Last August I returned from a youth mission trip and declared that I would no longer ban cell phones on these trips. I said,
Negotiating the role of our phones is a terrific community-building opportunity on mission trips, indeed, in all of our youth ministry gatherings, because it gets at our expectations of attention and presence from one another. Inviting students to both articulate and enforce their own expectations of one another in this regard is a better practice, I’m convinced, than issuing a unilateral ban.
Well, I’ve just returned from this year’s trip, and I’m ready to make another declaration: that was a mistake, but not for any reason I anticipated.
This year we allowed students to bring their devices, and we articulated clear expectations of one another in terms of when they would be used, namely during free time and commuting. And while leaders wasted truckloads of energy policing off-limits use on work sites and during meal times, the truly negative consequence of allowing phones on this trip found expression within the allowed guidelines, and it did more damage to “community building” than any failure to be present has ever done.
In a word, it was gossip. Cell phones allow for unchecked gossip to spread like wildfire through cliques within a group completely outside the attention of the rest of the group or any of the adult leaders.

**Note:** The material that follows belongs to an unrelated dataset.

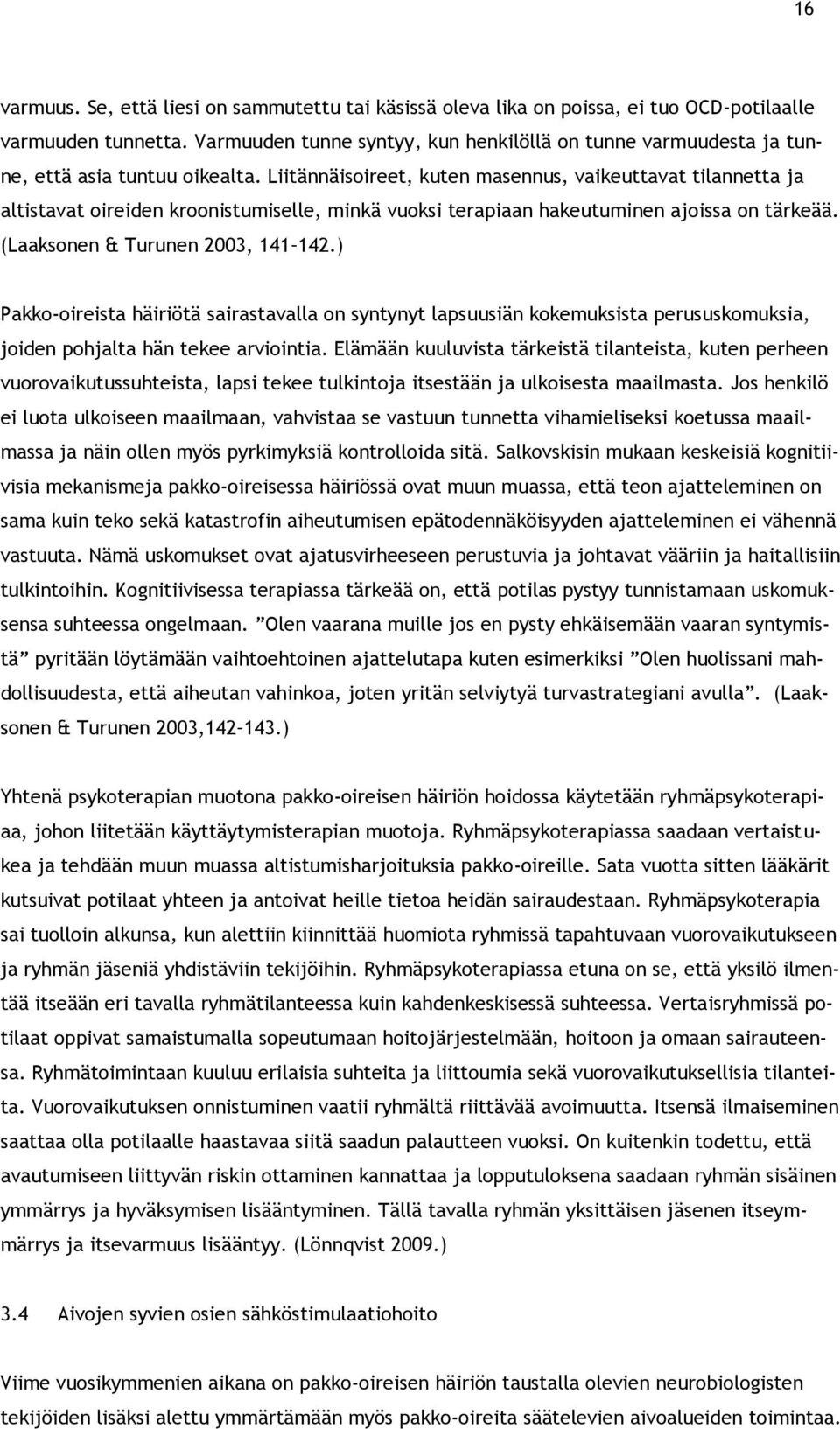 Liitännäisoireet, kuten masennus, vaikeuttavat tilannetta ja altistavat oireiden kroonistumiselle, minkä vuoksi terapiaan hakeutuminen ajoissa on tärkeää. (Laaksonen & Turunen 2003, 141 142.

danah boyd has been arguing for years that there is no difference between online and offline interactions among teenagers. If someone is harassed by their schoolmates on Facebook, that harassment becomes a live issue when school is in session, and vice versa.

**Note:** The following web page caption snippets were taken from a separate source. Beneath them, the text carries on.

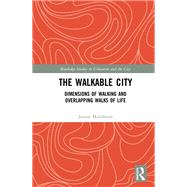 The Walkable City by Middleton,Jennie, 9781138697713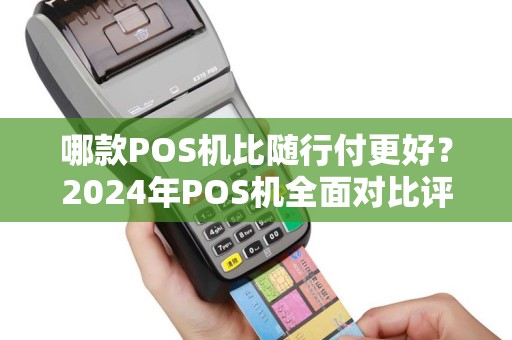 哪款POS机比随行付更好?2024年POS机全面对比评测 哪款POS机比随行付更好?2024年POS机全面对比评测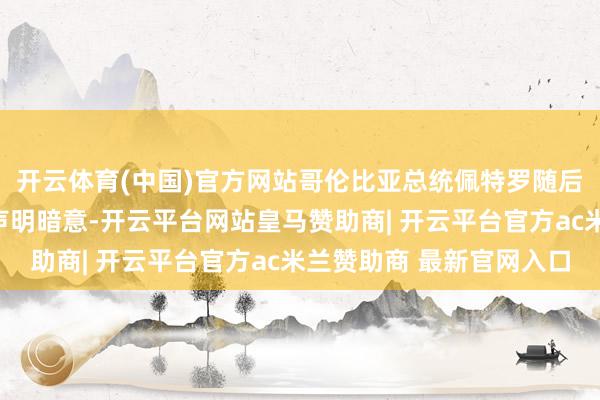 开云体育(中国)官方网站哥伦比亚总统佩特罗随后在支吾媒体上转发该声明暗意-开云平台网站皇马赞助商| 开云平台官方ac米兰赞助商 最新官网入口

So on a mission trip where students are allowed to use Snapchat and to text one another during free time, interactions on those platforms are making an impact on their interactions around the lunch table and while working, and the impact isn’t good. Because it’s not like they’re texting each other Bible verses or encouraging words about the day’s work. Instead, it’s all drama.
There’s almost zero accountability here, too, since these interactions can be limited to a small intended audience. It’s a different problem than the one where certain kids need repeatedly told to put their phones away. And to my mind, it’s far more destructive.
How did I not see this?
I would agree. Teenagers are good at finding ways around rules, like water around dams. Just when you think one “leak” is stopped, another emerges.
I was additionally bothered by the constant texting to friends back home. Be Here Now is just words if no one is listening.
Only way to stop use is allow phones and make them put them away or stack them. Make it a competitive challenge.
Put it on the agenda.
EVERYONE is good at finding ways around rules
This reminds me of how those same tools are used in corporate environments. I’ve seen important meetings at work, where managers would side chat with instant messages and texts to gossip and be clique-y with one another.
It’s not like only teenagers gossip and exclude people.
Maybe the root of the problem could be addressed.